Rybakina won their semi-final 7-6 (7/4), 6-3 and will meet Aryna Sabalenka or Magda Linette in Saturday's final.
Azarenka, who won the Grand Slam in 2012 and 2013, was beaten in 1hr 41min in blustery conditions on Rod Laver Arena.
The 22nd seed Rybakina had already beaten reigning French and US Open champion Iga Swiatek in the fourth round and 2017 Roland Garros winner Jelena Ostapenko in the quarter-finals at Melbourne Park.
And after a tight first set, the Moscow-born 23-year-old stretched away to account for a third Grand Slam champion.
"I'm super happy to be in the final. Today it was a bit tougher for me because it was different conditions," said Rybakina, who represents Kazakhstan.
"I couldn't play really aggressive tennis.

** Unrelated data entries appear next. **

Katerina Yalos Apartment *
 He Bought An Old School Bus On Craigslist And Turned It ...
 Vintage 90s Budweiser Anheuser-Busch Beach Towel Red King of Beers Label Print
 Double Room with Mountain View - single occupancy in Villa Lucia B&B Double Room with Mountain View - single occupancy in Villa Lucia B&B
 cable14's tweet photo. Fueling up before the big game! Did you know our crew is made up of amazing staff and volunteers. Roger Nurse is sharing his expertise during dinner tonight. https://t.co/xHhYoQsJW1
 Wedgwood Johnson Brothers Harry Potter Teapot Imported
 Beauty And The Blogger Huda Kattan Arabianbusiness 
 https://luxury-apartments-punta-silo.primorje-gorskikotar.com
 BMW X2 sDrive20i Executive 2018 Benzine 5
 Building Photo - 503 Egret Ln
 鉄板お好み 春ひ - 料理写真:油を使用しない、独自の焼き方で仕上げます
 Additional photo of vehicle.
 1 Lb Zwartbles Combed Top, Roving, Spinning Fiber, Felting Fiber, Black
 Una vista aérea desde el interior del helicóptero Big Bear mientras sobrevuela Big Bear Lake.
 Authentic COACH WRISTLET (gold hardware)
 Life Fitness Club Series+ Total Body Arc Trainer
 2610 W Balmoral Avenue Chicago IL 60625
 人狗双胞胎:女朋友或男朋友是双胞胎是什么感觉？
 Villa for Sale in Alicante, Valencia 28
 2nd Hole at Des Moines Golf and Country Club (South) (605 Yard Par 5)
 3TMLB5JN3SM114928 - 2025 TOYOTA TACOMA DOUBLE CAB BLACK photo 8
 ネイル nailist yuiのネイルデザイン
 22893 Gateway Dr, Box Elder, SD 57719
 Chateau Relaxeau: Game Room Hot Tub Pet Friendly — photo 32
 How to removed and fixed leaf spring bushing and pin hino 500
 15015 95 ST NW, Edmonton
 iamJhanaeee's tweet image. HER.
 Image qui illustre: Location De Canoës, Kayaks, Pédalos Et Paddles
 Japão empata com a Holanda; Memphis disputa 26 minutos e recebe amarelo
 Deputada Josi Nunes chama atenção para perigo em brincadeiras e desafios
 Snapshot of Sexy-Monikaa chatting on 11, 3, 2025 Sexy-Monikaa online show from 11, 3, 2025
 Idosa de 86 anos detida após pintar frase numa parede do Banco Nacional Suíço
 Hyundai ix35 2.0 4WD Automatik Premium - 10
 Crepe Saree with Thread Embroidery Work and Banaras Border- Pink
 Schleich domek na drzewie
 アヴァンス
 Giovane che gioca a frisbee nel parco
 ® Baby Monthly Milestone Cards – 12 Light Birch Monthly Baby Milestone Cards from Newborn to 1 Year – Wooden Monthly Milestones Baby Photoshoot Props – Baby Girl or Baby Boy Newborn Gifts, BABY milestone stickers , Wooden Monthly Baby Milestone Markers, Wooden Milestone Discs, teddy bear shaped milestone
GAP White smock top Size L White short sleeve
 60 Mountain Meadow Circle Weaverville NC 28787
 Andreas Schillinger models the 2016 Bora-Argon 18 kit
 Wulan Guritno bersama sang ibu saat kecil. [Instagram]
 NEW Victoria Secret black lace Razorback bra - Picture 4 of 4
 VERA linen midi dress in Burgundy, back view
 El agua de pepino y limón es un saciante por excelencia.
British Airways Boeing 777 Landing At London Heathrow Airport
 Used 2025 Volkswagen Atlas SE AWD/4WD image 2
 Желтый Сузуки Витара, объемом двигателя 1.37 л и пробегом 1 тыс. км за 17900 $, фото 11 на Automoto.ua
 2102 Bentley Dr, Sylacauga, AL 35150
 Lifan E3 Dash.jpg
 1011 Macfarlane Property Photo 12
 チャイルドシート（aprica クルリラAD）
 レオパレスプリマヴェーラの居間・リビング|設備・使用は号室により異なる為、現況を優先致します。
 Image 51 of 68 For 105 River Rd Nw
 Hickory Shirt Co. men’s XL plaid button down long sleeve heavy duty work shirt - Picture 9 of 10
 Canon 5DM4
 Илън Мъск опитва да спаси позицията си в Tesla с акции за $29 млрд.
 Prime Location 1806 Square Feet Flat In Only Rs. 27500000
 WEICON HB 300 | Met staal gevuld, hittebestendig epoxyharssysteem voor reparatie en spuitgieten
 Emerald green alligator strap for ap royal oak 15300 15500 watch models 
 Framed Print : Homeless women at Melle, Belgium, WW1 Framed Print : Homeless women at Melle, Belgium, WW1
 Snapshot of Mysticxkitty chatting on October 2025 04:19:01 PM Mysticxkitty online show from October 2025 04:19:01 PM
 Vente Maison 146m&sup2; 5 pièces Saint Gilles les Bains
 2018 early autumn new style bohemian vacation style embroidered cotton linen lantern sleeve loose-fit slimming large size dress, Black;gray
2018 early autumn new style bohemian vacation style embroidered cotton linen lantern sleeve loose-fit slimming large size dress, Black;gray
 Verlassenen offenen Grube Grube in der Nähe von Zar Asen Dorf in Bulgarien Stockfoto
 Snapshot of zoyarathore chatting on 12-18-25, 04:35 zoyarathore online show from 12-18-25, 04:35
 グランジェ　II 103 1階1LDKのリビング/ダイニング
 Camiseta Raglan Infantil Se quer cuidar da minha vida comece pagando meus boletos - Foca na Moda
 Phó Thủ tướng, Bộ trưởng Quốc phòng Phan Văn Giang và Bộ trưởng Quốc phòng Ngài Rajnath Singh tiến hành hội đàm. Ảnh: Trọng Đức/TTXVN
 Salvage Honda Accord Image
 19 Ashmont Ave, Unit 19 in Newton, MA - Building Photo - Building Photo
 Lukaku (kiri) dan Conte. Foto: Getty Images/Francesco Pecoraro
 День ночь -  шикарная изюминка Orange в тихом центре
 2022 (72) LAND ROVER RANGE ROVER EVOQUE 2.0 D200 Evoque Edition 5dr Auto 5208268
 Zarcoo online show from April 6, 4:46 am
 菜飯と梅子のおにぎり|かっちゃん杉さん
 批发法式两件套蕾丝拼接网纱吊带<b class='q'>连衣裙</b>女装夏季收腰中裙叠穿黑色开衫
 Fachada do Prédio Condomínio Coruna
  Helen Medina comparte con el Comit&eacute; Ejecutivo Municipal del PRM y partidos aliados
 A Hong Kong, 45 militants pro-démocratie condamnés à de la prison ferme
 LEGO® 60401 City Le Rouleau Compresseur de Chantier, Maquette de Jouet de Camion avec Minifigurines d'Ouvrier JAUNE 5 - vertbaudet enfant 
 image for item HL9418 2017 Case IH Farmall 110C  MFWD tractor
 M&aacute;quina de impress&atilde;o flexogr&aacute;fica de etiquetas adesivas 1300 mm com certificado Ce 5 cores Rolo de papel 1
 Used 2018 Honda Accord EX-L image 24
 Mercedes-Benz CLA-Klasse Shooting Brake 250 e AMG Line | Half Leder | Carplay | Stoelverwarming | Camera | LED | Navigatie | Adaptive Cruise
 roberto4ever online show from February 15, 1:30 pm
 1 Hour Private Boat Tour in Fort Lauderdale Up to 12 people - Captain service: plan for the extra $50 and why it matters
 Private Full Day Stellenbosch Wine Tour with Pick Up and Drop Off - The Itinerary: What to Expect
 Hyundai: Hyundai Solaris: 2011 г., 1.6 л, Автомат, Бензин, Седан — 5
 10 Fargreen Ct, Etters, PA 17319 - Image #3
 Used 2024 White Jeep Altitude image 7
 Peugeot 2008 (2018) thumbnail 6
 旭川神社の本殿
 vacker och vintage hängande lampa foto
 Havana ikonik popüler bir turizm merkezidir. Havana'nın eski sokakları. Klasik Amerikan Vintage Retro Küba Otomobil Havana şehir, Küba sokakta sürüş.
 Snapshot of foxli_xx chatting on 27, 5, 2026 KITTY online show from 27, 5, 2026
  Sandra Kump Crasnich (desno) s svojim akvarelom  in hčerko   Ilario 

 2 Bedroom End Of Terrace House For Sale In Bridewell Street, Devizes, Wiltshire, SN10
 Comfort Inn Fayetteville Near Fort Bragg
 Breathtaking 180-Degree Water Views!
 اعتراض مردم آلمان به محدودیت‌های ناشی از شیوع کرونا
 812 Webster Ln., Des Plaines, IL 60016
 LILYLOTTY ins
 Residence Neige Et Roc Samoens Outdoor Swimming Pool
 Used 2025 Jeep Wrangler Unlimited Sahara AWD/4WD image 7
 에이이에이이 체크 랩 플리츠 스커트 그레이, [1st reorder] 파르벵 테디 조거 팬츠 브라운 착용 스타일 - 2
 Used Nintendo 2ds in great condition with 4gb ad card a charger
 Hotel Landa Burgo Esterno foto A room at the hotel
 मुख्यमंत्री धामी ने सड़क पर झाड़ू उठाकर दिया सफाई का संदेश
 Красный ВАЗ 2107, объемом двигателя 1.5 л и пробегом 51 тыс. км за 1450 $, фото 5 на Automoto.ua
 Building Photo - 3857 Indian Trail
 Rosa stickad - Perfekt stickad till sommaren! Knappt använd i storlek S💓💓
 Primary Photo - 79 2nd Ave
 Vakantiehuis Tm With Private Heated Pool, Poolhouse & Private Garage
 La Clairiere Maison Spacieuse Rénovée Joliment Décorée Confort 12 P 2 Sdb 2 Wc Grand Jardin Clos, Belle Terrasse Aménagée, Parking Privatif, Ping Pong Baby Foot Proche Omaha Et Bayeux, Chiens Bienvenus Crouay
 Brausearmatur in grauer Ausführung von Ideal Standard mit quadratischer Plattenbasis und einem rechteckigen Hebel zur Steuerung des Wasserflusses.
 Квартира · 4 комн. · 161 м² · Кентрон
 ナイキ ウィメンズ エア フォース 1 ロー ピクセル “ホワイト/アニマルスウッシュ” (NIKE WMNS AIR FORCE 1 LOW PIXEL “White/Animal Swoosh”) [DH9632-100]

The ball was not going so much, but I'm happy that in the end I managed to win.
"I'll try my best in the final of course."
Rybakina won in straight sets when the pair played at Indian Wells last year, their only previous meeting.
Veteran Azarenka, 33, was largely on the back foot again against the grace and power of Rybakina, who was in her first Melbourne Park semi-final.
Rybakina reached the last four largely on the back of her powerful serving, having struck 35 aces in her five matches at Melbourne Park, more than any other player.
She started with a nervy double fault but soon was back in the groove, launching three booming aces in a row to secure the opening game.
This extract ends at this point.